WHAT YOU NEED TO DO
Restate the following entries exactly, including every line.
*** RECORDS SHOWN
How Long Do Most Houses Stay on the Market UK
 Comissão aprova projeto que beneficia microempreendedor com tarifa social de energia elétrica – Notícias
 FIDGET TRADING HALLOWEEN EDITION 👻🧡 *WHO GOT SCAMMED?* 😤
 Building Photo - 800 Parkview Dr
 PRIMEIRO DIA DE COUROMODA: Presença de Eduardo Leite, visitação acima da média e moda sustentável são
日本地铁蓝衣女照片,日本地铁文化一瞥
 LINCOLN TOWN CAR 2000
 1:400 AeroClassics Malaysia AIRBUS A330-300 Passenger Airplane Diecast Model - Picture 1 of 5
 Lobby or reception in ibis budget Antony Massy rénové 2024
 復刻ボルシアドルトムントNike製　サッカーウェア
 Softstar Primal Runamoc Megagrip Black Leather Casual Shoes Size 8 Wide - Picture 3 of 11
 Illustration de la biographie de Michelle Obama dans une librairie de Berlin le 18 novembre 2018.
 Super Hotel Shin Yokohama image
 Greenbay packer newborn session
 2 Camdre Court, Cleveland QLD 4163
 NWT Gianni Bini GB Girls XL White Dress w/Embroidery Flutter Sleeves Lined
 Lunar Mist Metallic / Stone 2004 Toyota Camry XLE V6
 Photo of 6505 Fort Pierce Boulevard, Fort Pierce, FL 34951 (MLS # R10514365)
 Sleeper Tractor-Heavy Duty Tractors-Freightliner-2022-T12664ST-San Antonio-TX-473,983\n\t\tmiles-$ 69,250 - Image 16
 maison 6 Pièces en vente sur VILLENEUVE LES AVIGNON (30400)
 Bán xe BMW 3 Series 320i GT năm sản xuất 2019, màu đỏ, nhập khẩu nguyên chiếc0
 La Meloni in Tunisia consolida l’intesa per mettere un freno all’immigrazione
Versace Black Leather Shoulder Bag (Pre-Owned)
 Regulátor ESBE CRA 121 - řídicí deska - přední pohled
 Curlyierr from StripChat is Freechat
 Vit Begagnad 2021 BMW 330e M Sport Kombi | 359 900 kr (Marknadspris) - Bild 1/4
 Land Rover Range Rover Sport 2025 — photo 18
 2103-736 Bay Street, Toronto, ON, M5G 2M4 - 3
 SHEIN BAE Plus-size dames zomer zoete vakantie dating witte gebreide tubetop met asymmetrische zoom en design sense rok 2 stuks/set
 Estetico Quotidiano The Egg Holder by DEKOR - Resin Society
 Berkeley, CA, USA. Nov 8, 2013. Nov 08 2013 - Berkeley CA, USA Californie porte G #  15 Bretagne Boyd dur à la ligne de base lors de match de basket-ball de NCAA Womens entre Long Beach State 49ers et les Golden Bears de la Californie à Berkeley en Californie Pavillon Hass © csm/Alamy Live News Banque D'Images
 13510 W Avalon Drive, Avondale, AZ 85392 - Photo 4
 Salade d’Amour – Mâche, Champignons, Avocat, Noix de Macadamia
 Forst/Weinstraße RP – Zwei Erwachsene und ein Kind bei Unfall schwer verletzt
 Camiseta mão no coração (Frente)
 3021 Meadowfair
******
WORKED SOLUTION
How Long Do Most Houses Stay on the Market UK
 Comissão aprova projeto que beneficia microempreendedor com tarifa social de energia elétrica – Notícias
 FIDGET TRADING HALLOWEEN EDITION 👻🧡 *WHO GOT SCAMMED?* 😤
 Building Photo - 800 Parkview Dr
 PRIMEIRO DIA DE COUROMODA: Presença de Eduardo Leite, visitação acima da média e moda sustentável são
日本地铁蓝衣女照片,日本地铁文化一瞥
 LINCOLN TOWN CAR 2000
 1:400 AeroClassics Malaysia AIRBUS A330-300 Passenger Airplane Diecast Model - Picture 1 of 5
 Lobby or reception in ibis budget Antony Massy rénové 2024
 復刻ボルシアドルトムントNike製　サッカーウェア
 Softstar Primal Runamoc Megagrip Black Leather Casual Shoes Size 8 Wide - Picture 3 of 11
 Illustration de la biographie de Michelle Obama dans une librairie de Berlin le 18 novembre 2018.
 Super Hotel Shin Yokohama image
 Greenbay packer newborn session
 2 Camdre Court, Cleveland QLD 4163
 NWT Gianni Bini GB Girls XL White Dress w/Embroidery Flutter Sleeves Lined
 Lunar Mist Metallic / Stone 2004 Toyota Camry XLE V6
 Photo of 6505 Fort Pierce Boulevard, Fort Pierce, FL 34951 (MLS # R10514365)
 Sleeper Tractor-Heavy Duty Tractors-Freightliner-2022-T12664ST-San Antonio-TX-473,983\n\t\tmiles-$ 69,250 - Image 16
 maison 6 Pièces en vente sur VILLENEUVE LES AVIGNON (30400)
 Bán xe BMW 3 Series 320i GT năm sản xuất 2019, màu đỏ, nhập khẩu nguyên chiếc0
 La Meloni in Tunisia consolida l’intesa per mettere un freno all’immigrazione
Versace Black Leather Shoulder Bag (Pre-Owned)
 Regulátor ESBE CRA 121 - řídicí deska - přední pohled
 Curlyierr from StripChat is Freechat
 Vit Begagnad 2021 BMW 330e M Sport Kombi | 359 900 kr (Marknadspris) - Bild 1/4
 Land Rover Range Rover Sport 2025 — photo 18
 2103-736 Bay Street, Toronto, ON, M5G 2M4 - 3
 SHEIN BAE Plus-size dames zomer zoete vakantie dating witte gebreide tubetop met asymmetrische zoom en design sense rok 2 stuks/set
 Estetico Quotidiano The Egg Holder by DEKOR - Resin Society
 Berkeley, CA, USA. Nov 8, 2013. Nov 08 2013 - Berkeley CA, USA Californie porte G #  15 Bretagne Boyd dur à la ligne de base lors de match de basket-ball de NCAA Womens entre Long Beach State 49ers et les Golden Bears de la Californie à Berkeley en Californie Pavillon Hass © csm/Alamy Live News Banque D'Images
 13510 W Avalon Drive, Avondale, AZ 85392 - Photo 4
 Salade d’Amour – Mâche, Champignons, Avocat, Noix de Macadamia
 Forst/Weinstraße RP – Zwei Erwachsene und ein Kind bei Unfall schwer verletzt
 Camiseta mão no coração (Frente)
 3021 Meadowfair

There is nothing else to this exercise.